De stelplicht en de bewijslast voor deze uitzonderingen rust op de Gemeente.
De hoogte van het voorschot bedraagt op grond van artikel 52 lid 2 WWB in ieder geval 90% van de hoogte van de algemene bijstand als bedoeld in artikel 19 lid 2 WWB. Ingevolge artikel 19 lid 2 WWB is de hoogte van de bijstand het verschil tussen de bijstandsnorm en het inkomen.
4.6
[appellante] bestrijdt met de grieven III en V in het principaal appel het oordeel van de rechtbank dat de Gemeente behoudens de eerste 4 voorschotten de overige voorschotten tijdig heeft betaald.
[appellante] heeft op 14 juli 2009 een aanvraag voor een Bbz-uitkering ingediend. Eerst op 15 december 2009 heeft het College van B&W van de Gemeente op die aanvraag beslist. Op grond van artikel 52 lid 1 WWB heeft de Gemeente binnen 4 weken na 14 juli 2009 en vervolgens telkens uiterlijk na vier weken tot 15 december 2009 bij wijze van voorschot algemene bijstand in de vorm van een renteloze geldlening te verstrekken. Dit betekent dat het College van B&W in beginsel op uiterlijk 11 augustus 2009, 8 september 2009,
6 oktober 2009, 3 november 2009 en 1 december 2009 (derhalve vijf maal) een voorschot had te betalen.
Tussen partijen is niet in geschil dat de Gemeente op 25 september 2009, 12 oktober 2009, 20 november 2009 en 14 december 2009 (derhalve vier maal) een voorschot heeft betaald.
Op de stelling van de Gemeente dat [appellante] niet tijdig en onvolledige informatie verstrekte voor het vaststellen van een voorschot heeft [appellante] aangevoerd dat de informatie die de Gemeente haar naderhand vroeg niet uit het aanvraagformulier bleek en overigens niet voor haar duidelijk was. Op dit verweer heeft de Gemeente geen concrete feiten en omstandigheden gesteld waaruit kan worden afgeleid dat [appellante] voor de door haar gestelde niet tijdige en onvolledige informatie een verwijt kan worden gemaakt.
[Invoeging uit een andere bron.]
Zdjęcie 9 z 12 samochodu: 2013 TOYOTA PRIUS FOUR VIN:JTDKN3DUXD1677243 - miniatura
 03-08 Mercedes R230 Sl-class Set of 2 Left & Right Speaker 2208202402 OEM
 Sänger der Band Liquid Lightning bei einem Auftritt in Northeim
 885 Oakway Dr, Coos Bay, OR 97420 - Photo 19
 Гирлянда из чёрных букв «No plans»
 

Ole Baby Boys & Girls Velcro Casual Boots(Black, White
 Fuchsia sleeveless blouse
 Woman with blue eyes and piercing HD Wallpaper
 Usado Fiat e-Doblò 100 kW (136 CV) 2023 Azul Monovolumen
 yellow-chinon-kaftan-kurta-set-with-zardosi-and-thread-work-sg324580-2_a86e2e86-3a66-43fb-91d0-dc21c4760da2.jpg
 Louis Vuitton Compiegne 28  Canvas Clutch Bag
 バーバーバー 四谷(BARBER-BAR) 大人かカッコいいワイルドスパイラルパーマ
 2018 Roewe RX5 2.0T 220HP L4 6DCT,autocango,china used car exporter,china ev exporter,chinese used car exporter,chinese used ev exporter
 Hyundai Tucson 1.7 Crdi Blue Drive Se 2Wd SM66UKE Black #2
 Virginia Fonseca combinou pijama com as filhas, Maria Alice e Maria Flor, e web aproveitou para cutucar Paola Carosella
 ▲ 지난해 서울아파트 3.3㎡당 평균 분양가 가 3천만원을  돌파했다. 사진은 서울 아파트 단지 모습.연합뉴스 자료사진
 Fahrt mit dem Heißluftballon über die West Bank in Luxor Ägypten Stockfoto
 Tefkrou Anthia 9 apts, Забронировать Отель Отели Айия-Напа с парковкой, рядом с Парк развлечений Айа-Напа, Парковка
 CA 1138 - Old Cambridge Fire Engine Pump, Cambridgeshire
Hieruit volgt dat de uitzondering in artikel 52 WWB niet van toepassing is, zodat de Gemeente in de periode vanaf 14 juli 2009 tot 15 december 2009 steeds te laat een voorschot heeft betaald en één voorschot te weinig heeft uitbetaald.
Op 19 oktober 2009 heeft [appellante] een aanvraag voor verlenging van de Bbz-uitkering ingediend, waarop het College van B&W op 11 februari 2010 afwijzend heeft beslist.
Op grond van artikel 52 lid 1 WWB had de Gemeente in beginsel op uiterlijk
16 november 2009, 14 december 2009, 11 januari 2010 en 8 februari 2010 (derhalve vier maal) een voorschot te betalen.
Tussen partijen is niet in geschil dat de Gemeente op 6 januari 2010 en 5 februari 2010 (derhalve twee maal) een voorschot heeft betaald.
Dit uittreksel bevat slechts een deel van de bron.